Monday, April 14, 2014

Dessert in Ten Minutes

Coeur à la Crème  
My latest experiment with Pomiane's book French Cooking in Ten Minutes: a dessert called Coeur à la Crème. The 10-minute version requires only four ingredients:


The recipe is very simple:


I've checked a few alternate ways to make this classic dish. These recipes are similar except that they use cheesecloth and a special heart-shaped mold to drain liquid from the cheese mixture. I assume this process makes the result firmer. The more time-consuming versions also add a bit of lemon and vanilla. I was thinking vanilla would be nice, but I don't have any in my little temporary kitchen.

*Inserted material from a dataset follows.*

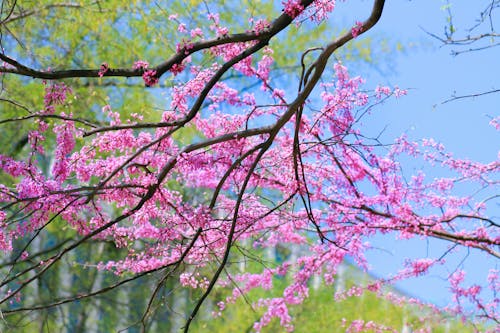 Free stock photo of beautiful flowers, cherry blossoms, spring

Although I didn't drain it, the simple version that I made had a very nice, spoonable texture. As you can see from the top photo, I'm a hopeless case when it comes to making things look pretty! But once again, the result tasted good and reminded us of things we have eaten in France.

Sunday, April 13, 2014

Santa Barbara Wineries

A magpie in wine country
Less than an hour's drive from Santa Barbara are many vineyards and wineries that welcome visitors. We decided to combine wine tasting and birdwatching today. Just as we got away from the freeway, we caught sight of an unusual type of magpie, and later observed various hawks, swallows, goldfinches and other birds. 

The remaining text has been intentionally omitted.